DT – O CUS tem sido um instrumento fundamental para inserir na UFBA discussões sobre a comunidade LGBT. Houve alguma resistência no inicio da criação
LC– Resistência explícita não houve, mas implicitamente sempre sofremos algumas resistências e isso ficou novamente evidente na realização do II Desfazendo Gênero. Um exemplo explícito: praticamente todo o dinheiro para viabilizar o evento foi captado fora da UFBA. Sinto que somos considerados, por parte da comunidade da UFBA, como uns inconsequentes, umas malucas que não produzem conhecimentos (eu nem falo em ciência, pois nem quero reivindicar essa categoria para o meu trabalho, pois sei o quanto a tal ciência é preconceituosa e patologizante até hoje, vide como tratam as pessoas trans).
DT – Há uma queixar de que o movimento gay deixou as ruas e agora se manifesta nas redes socais. Como você tem visto essas críticas?
LC – Não vejo nenhum problema em manifestações nas redes sociais. Eu mesmo uso muito as redes sociais. Considero um grande equívoco considerar as manifestações nas redes sociais como algo menor do que as manifestações nas ruas. Hoje é impossível fazer aquela antiga distinção entre ambiente real e virtual. O virtual é real, estamos conectados online o tempo todo, sequer existe o tal offline, pelo menos para uma parcela cada vez maior de pessoas. Eu acho mais prudente pensar por que as pessoas não vão às ruas, ao invés de pensar só por que elas têm usado as redes sociais. Eu pergunto: quem se sente contemplado ou pelo menos instigado com os bordões, cartazes e frases de efeito mais usados pela maioria dos grupos que vão às ruas?“
DT – Eu não namoro com uma molinha nem passiva”. Essa é uma frase muito comum nas rodas de conversas dos LGBT. Como lidar esse tipo de preconceito?

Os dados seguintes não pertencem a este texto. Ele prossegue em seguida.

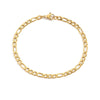 Stainless Steel Figaro Bracelet Unisex (Silver & Gold)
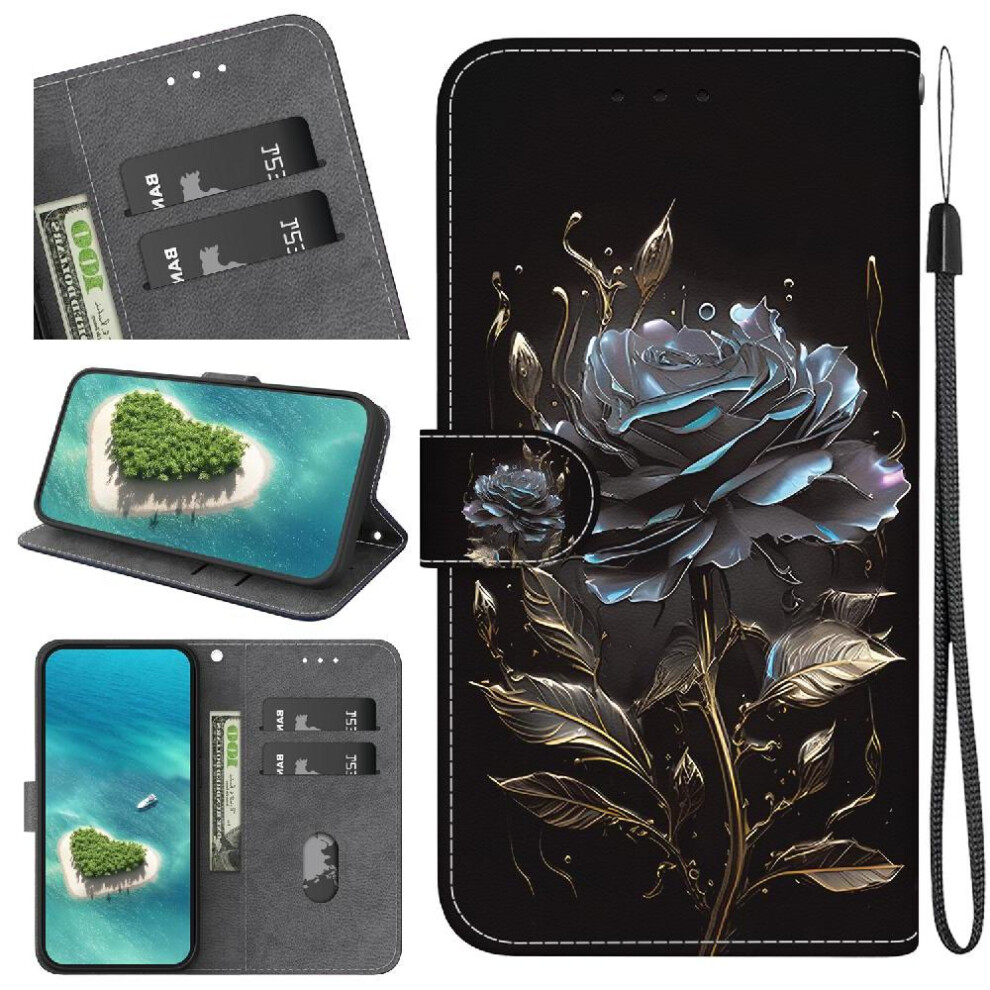 (C5 ) Flip Case For Xiaomi 14T 5G Pu Leather Card Slots Magnetic Closure Butterfly Flower Painted Wallet 764563459827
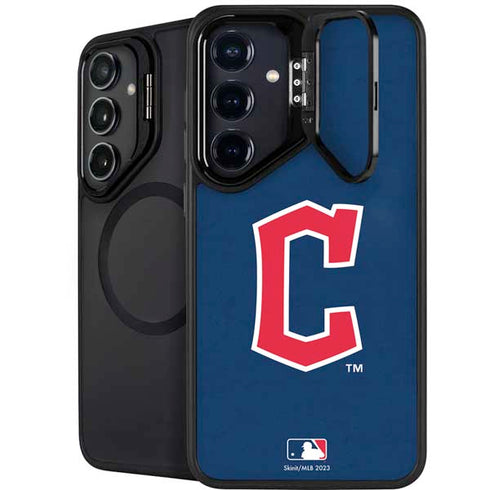MLB Cleveland Guardians - Solid Distressed Galaxy S24 Plus Kickstand Case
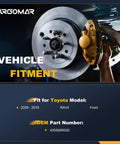 Front Wheel Bearing And Hub Assembly 2 Pack Ready To Roll Fits Toyota Rav4 2006 2012 3 5L V6 Rav4 2013 2018 Mirai 2016 2020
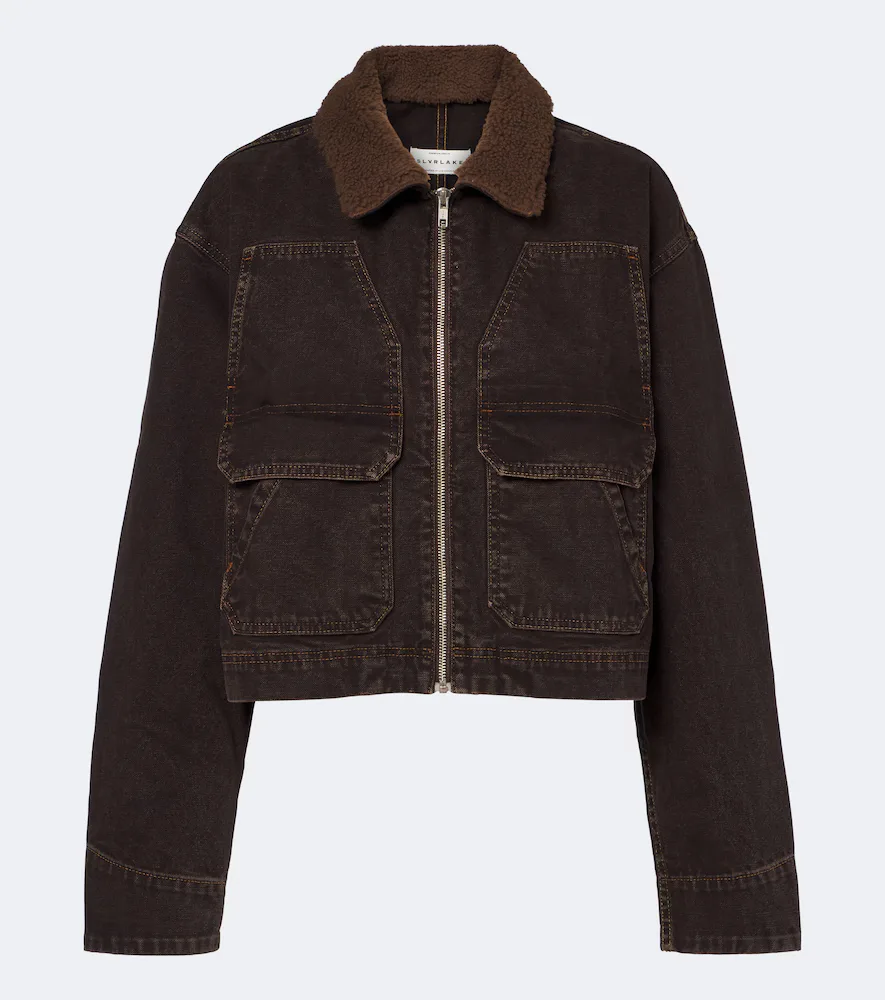 Atlas Worker Shearling-Trimmed Denim Jacket by SLVRLAKE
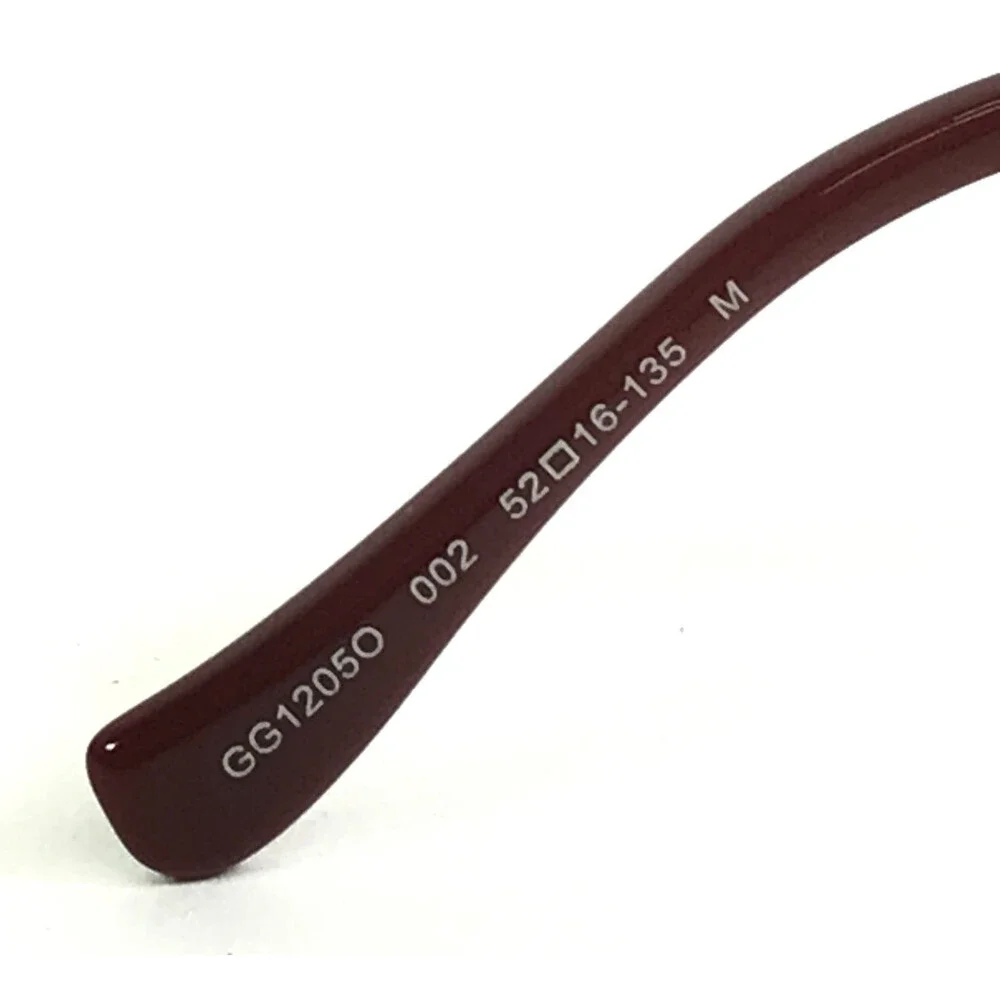 Gucci Eyeglasses Frames GG1205O 002 Tortoise Silver Cat Eye Full Rim 52-16-135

LC –Evidenciando o machismo, a homofobia e inclusive a misoginia presente em frases como essas. Para combater os preconceitos, sejam eles quais forem, minha aposta sempre foi a de evidenciar como eles foram construídos, cristalizados e incorporados pelas pessoas. Quando a pessoa se dá conta dos seus próprios preconceitos, de como ela está reproduzindo discursos preconceituosos criados historicamente na base de muito sangue, mudanças podem acontecer.
DT – Muitos casos de assassinatos de LGBT na Bahia ganham a mídia e o protesto da militância, mas quando chegam na justiça travam. O senhor acredita que falta um pouco mais de empenho da justiça quando o assunto está diretamente ligado aos gays?

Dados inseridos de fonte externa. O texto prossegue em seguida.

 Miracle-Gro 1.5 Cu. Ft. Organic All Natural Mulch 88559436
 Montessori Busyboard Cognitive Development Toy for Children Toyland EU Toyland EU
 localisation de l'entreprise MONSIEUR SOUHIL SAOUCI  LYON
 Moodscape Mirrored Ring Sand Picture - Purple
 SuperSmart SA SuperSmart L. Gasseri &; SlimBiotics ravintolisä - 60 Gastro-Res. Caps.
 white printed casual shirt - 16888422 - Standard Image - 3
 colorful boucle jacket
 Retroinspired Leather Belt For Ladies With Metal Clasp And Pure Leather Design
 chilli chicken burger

LC – Não tenho como responder taxativamente essa pergunta, pois não acompanho tão de perto os processos judiciais. Mas quero aproveitar a pergunta para falar uma coisa que talvez também se reflita na Justiça: a sociedade em geral e a própria população LGBT também choram de formas diversas as mortes de pessoas LGBT. Algumas mortes têm mais repercussão que outras, a polícia prende com mais rapidez autores de apenas alguns crimes. Como diz Butler, vale a pena pensarmos sobre quais mortes nós choramos. Daí veremos quem conta mais como ser humano, como funciona a hierarquia entre quem é ser humano e quem não é considerado como tal.
DT – As paradas são fundamentais para dar visibilidade à causa, porém, nos últimos anos, o número de héteros nesses eventos vem crescendo e a ausência do LGBT também. É tempo de repensar esse formato?
LC – Não acho que a presença de heterossexuais seja o grande problema das paradas, pelo contrário. Se não tivermos heterossexuais parceiros de nossas causas tenderemos a ficar eternamente no mesmo lugar. Tenho dito há anos que precisamos repensar o formato. Para fazer isso, o primeiro passo é democratizar radicalmente a forma de organização das paradas.